Since the vesicle moves with approximately constant velocity, the net force is zero: the forward motor force equals the viscous drag. The mechanical power produced by the vesicle is

\[P_{\text{produced}} = \frac{W_{\text{produced}}}{t} = \frac{F d}{t} = F v,\]

where $F$ is the magnitude of the force exerted by the motor and $v$ is the speed.

Rate of ATP hydrolysis $R$ from average velocity $v$

The average velocity is

\[v = \frac{d}{t}.\]

If $N$ is the number of ATP cycles and $s$ is the step size of the motor, then $d = N s$ and

\[v = \frac{N s}{t} = R s.\]

Thus,

\[R = \frac{v}{s}.\]

Important: use SI units.

Step size in meters ($1\ \text{nm} = 10^{-9}\ \text{m}$)
$v$ in m/s (convert from $\mu\text{m/s}$, etc.)
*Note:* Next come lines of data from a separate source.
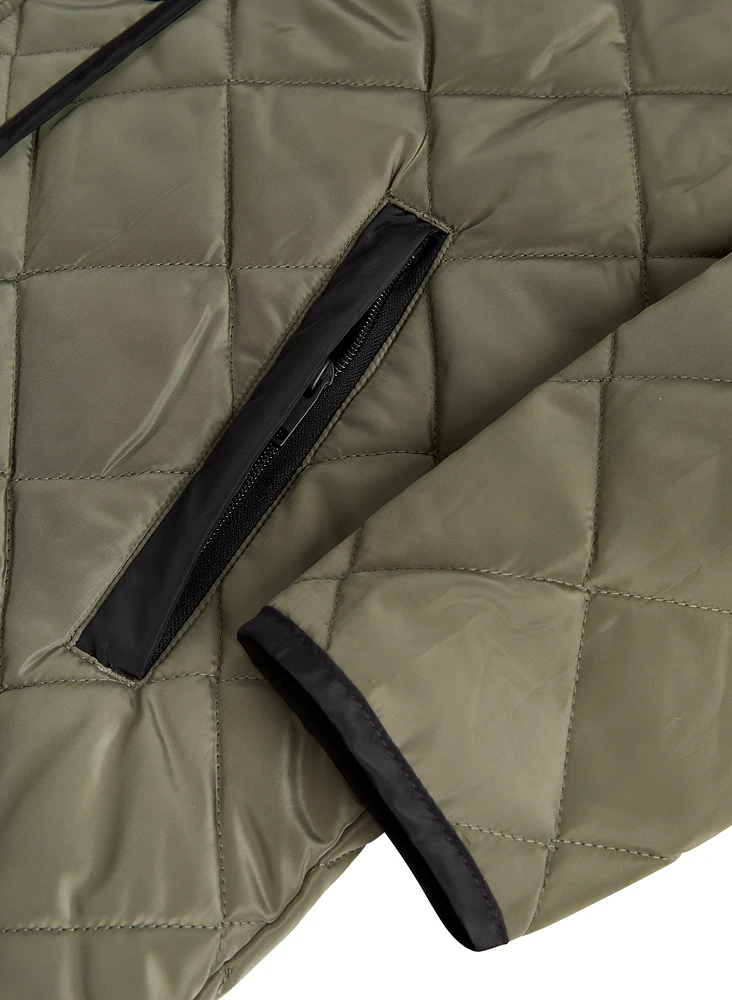 Quilted Puffer Jacket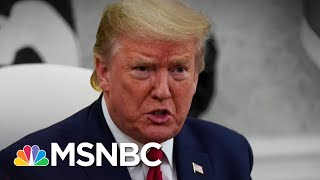 Trump Doesn't Want To Be 'Distracted' By Pandemic Adviser Tells WAPO | The 11th Hour | MSNBC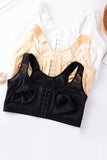 Seven-row Clasps Front Closure Sports Bra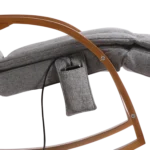 Stolica za masažu, relaksaciju i ljuljanje Naipo MGC-2300P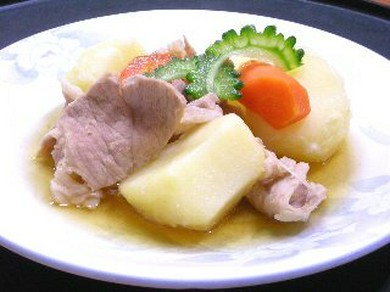 　肉じゃが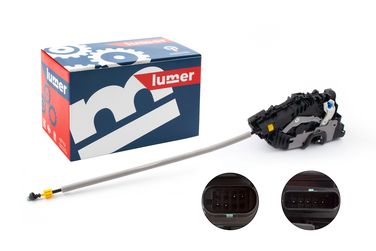 Lumer LM10073 Дверной замок, дверь справа mercedes-benz (Новый) - 1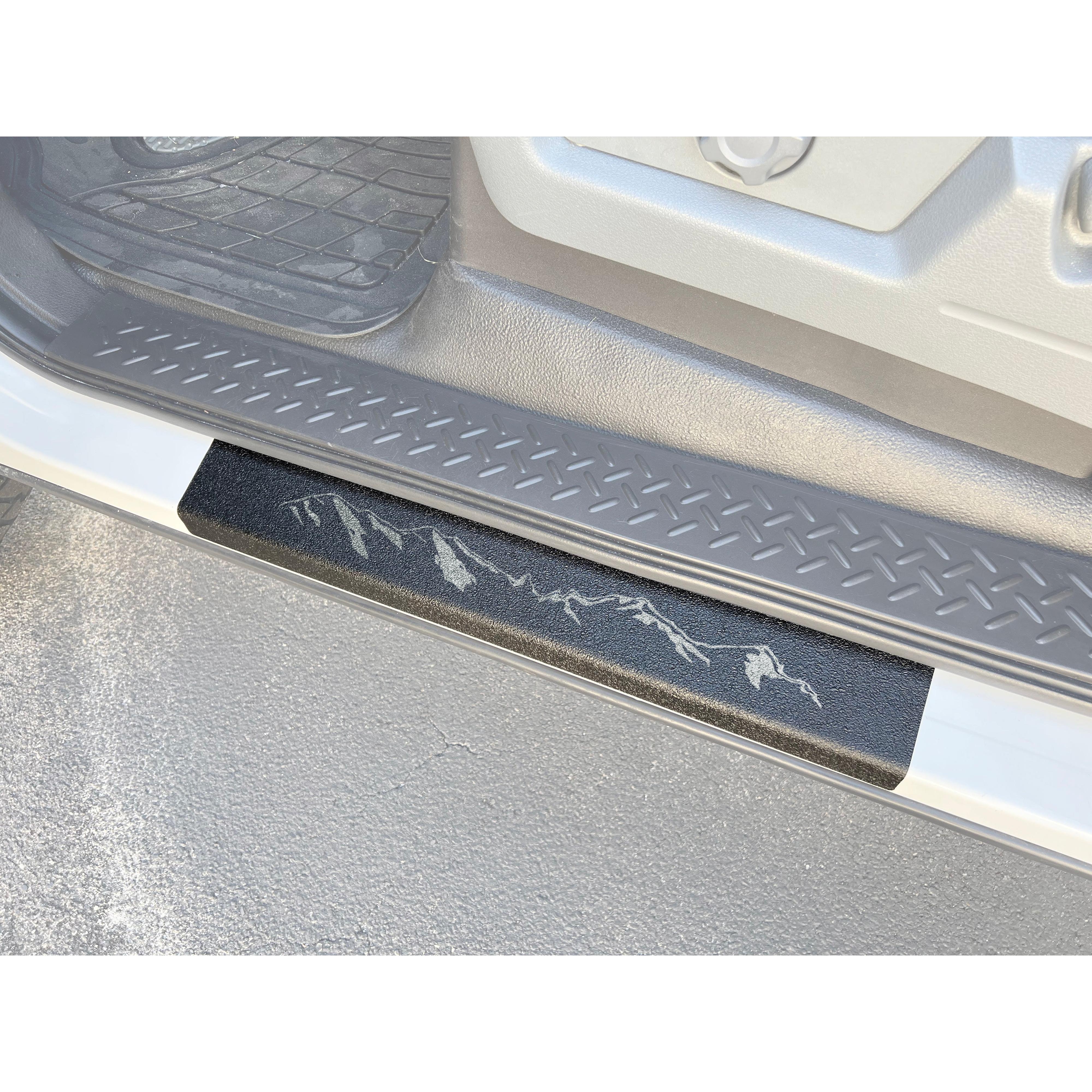 F-150 Door Sills Accent Trim Fits 2009-2014 Ford F-150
Coefficient of viscosity $\mu$ from average radius $r$

The viscous drag force on a slowly moving spherical particle is given by Stokes’ law:

\[F_{\text{viscous}} = 6 \pi \mu r v,\]

where

$r$ – average radius of the vesicle
$v$ – terminal (steady) velocity
$\mu$ – dynamic viscosity of the cytosol

From the efficiency relation,

\[e \, P_{\text{consumed}} = P_{\text{produced}},\]

\[e \, R E = F v.\]

Hence

\[F = \frac{e R E}{v}.\]

Using Stokes’ law:

\[\mu = \frac{F}{6\pi r v} = \frac{e R E / v}{6\pi r v} = \frac{e R E}{6\pi r v^2}.\]

Using $R = v/s$ we get

\[\mu = \frac{e (v/s) E}{6\pi r v^2} = \frac{e E}{6\pi r v s}.\]

Again, use SI units for all quantities:

$r$ in meters
$v$ in m/s
$s$ in meters
$E$ in joules per ATP molecule

In this experiment, we cannot distinguish between kinesin and myosin motors, so we compute $\mu$ for both:

Kinesin: $s = 8\,\text{nm}$
Myosin: $s = 10\,\text{nm}$

The calculated values can then be compared with the viscosity of water,

\[\mu_{\text{water}} \approx 8.6 \times 10^{-4}\ \text{Pa·s}.\]

A significantly larger effective viscosity suggests that the cytosol behaves as a more crowded and structured medium than pure water.